(Task to carry out) When you reach the line that contains "Apartment Veeve - Soaring", please begin copying, and carry on exactly to the last line of the material, leaving out every picture.

________________________

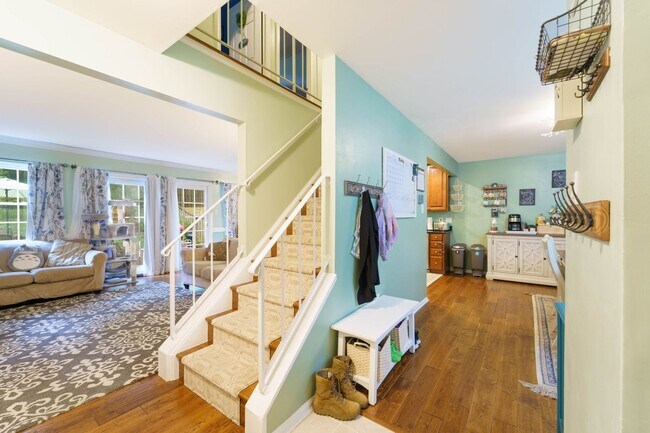 Building Photo - This 3 Bed 2.5 Bath Burke, VA Townhome is a Must See!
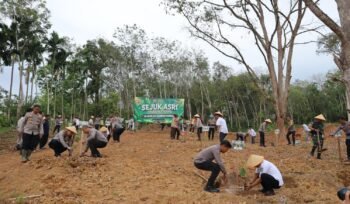 Personil Polri terlihat tengah menanam pohon dibekas galian tambang di Kabupaten Sijunjung, Sumatera Barat, Rabu (24/6) Foto: Istimewa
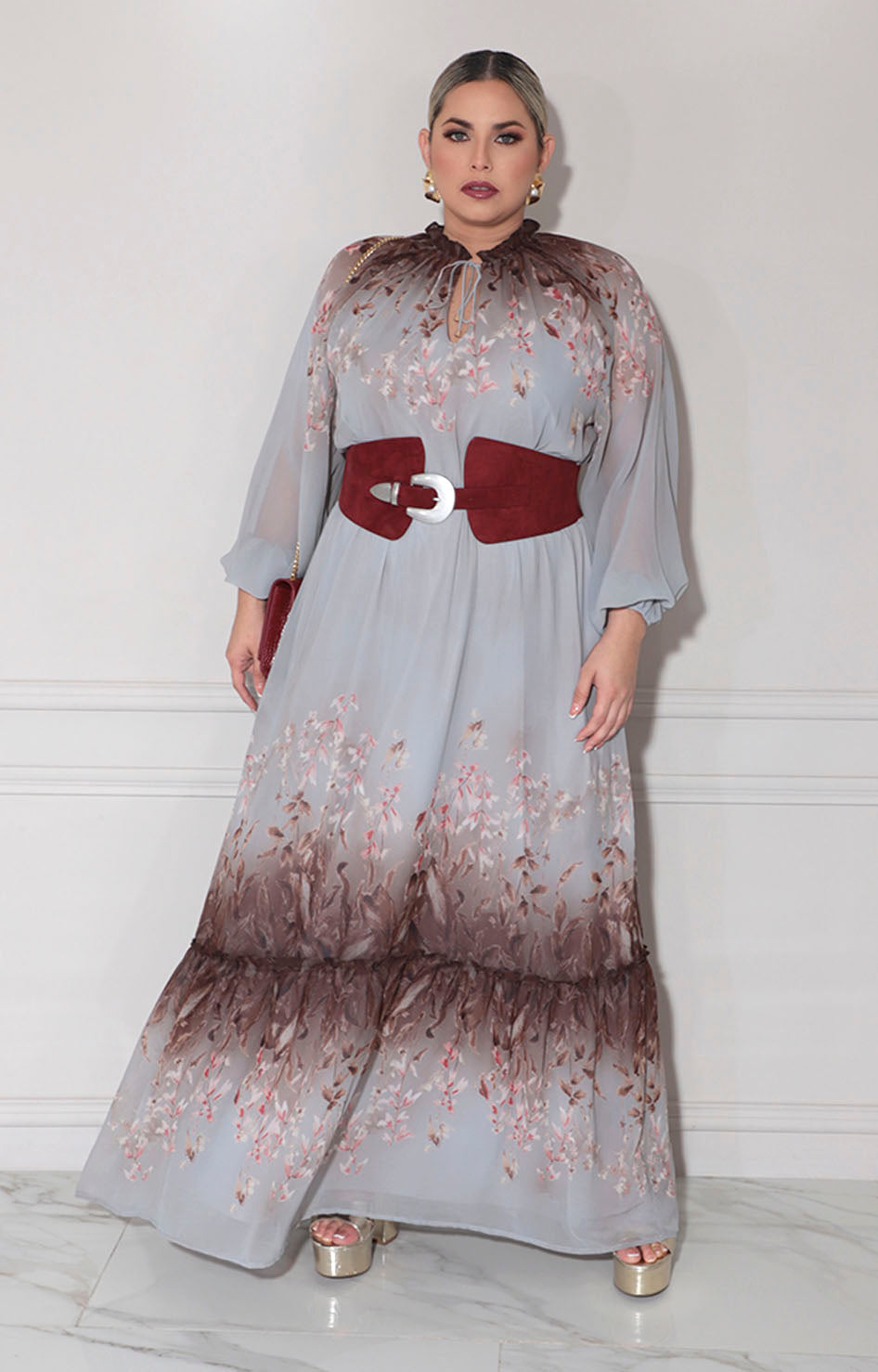 Vestido gris con flores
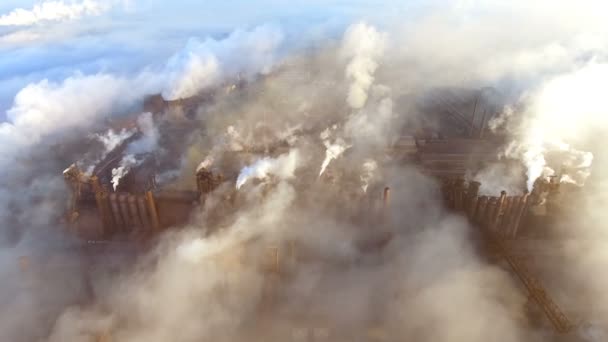El humo y el hollín se emiten desde las tuberías de la fábrica de la planta metalúrgica — Vídeo de stock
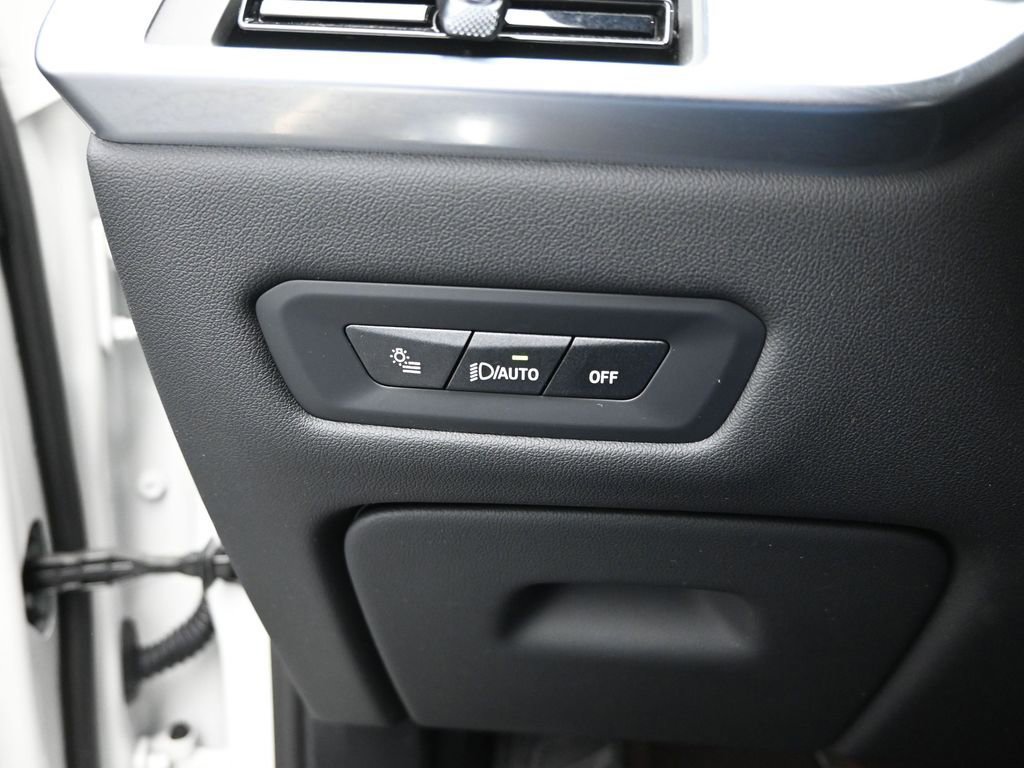 Used 2025 BMW X5 xDrive50e AWD/4WD image 13
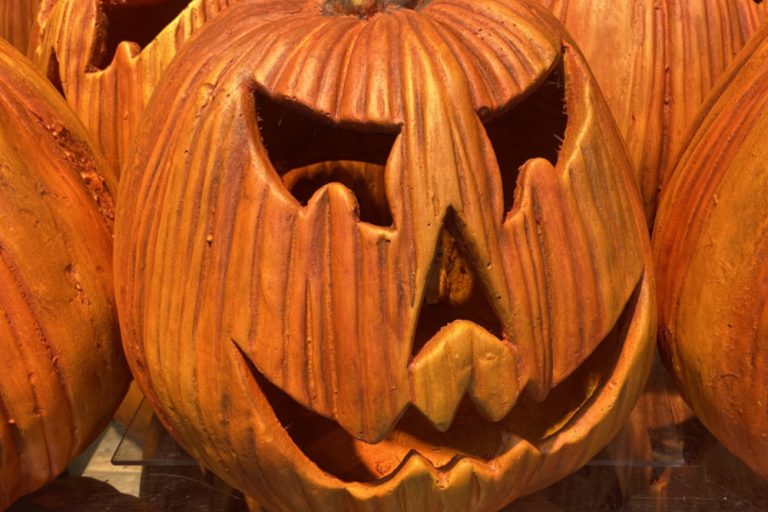 Dellenteam: Halloween Symbolbild von Kürbisgesicht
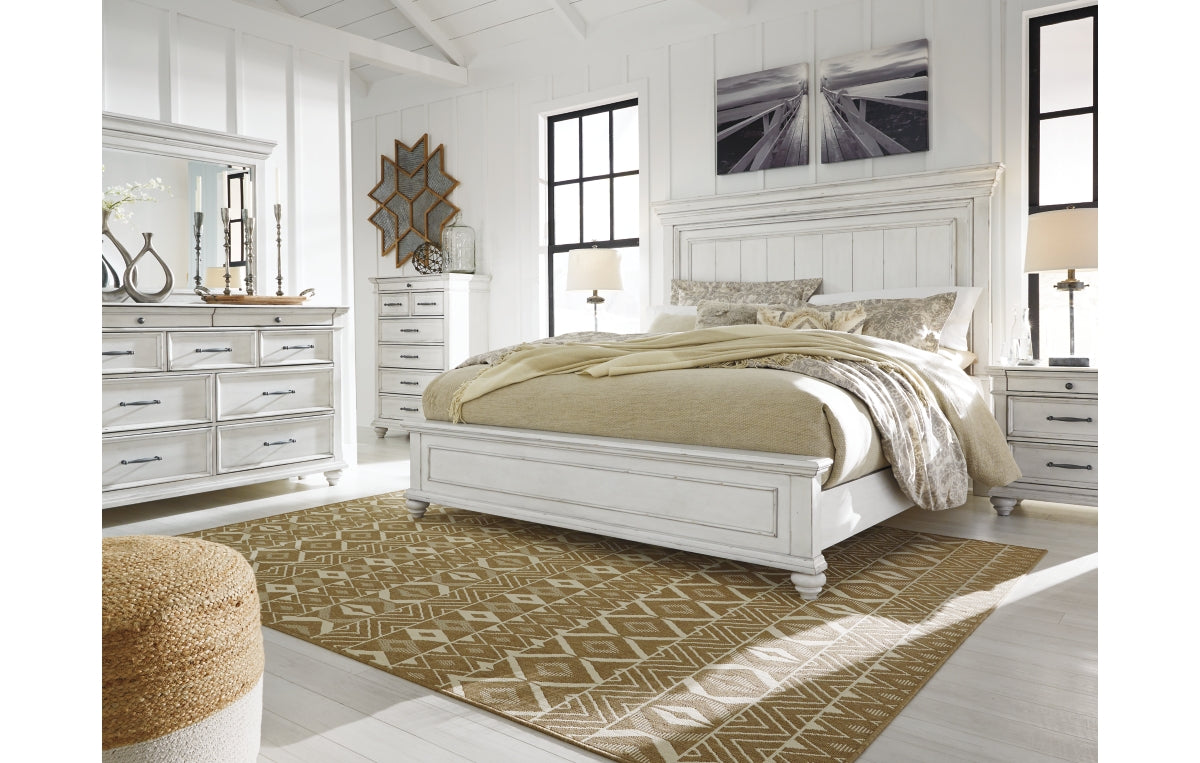 Kanwyn California King Panel Bed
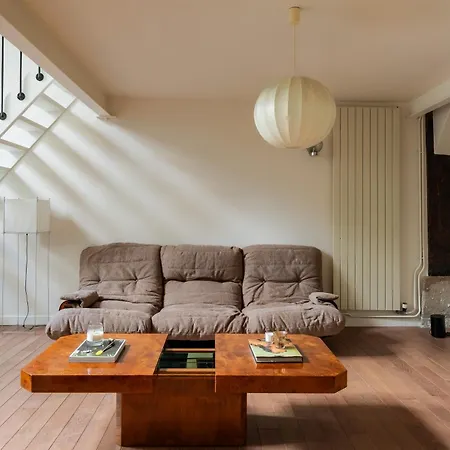 Apartment Veeve - Soaring Ceilings, Wondrous Windows *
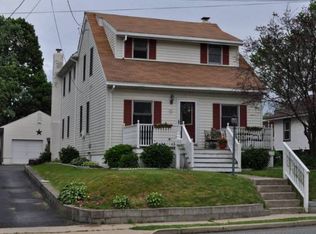 31 Upland Rd, Brookhaven, PA 19015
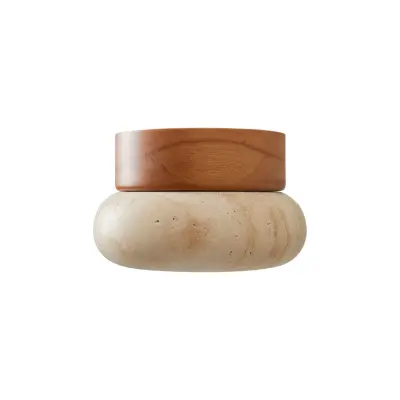 NORDVÄRK Worm-S vägglampa - beige travertin och naturlig ek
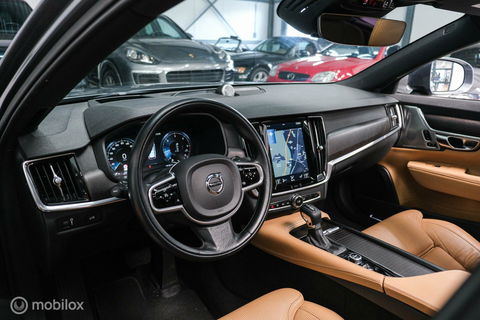 Volvo V90 Cross Country 2.0 D4 AWD Pro | VOL opties | B&W audio | Massagestoelen | Trekhaak | Nap NL auto | Stoelkoeling | HUD | Panoramad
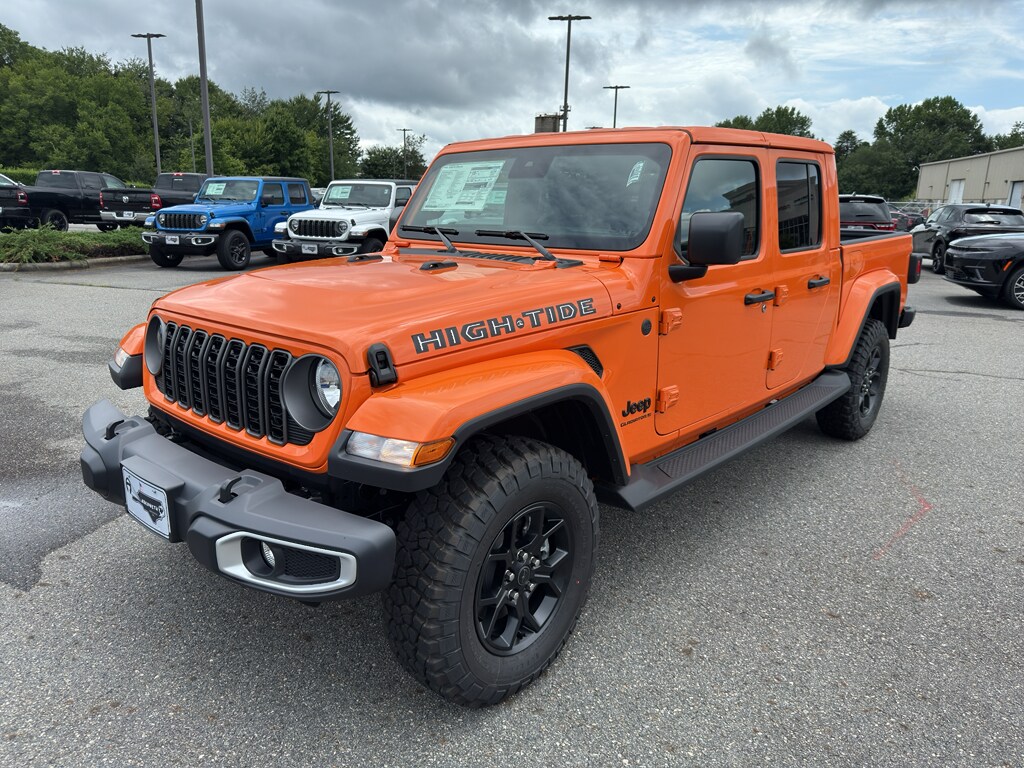 2025 Jeep Gladiator Sport photo 2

________________________

(Solution for this exercise)
 Apartment Veeve - Soaring Ceilings, Wondrous Windows *
 31 Upland Rd, Brookhaven, PA 19015
 NORDVÄRK Worm-S vägglampa - beige travertin och naturlig ek
 Volvo V90 Cross Country 2.0 D4 AWD Pro | VOL opties | B&W audio | Massagestoelen | Trekhaak | Nap NL auto | Stoelkoeling | HUD | Panoramad
 2025 Jeep Gladiator Sport photo 2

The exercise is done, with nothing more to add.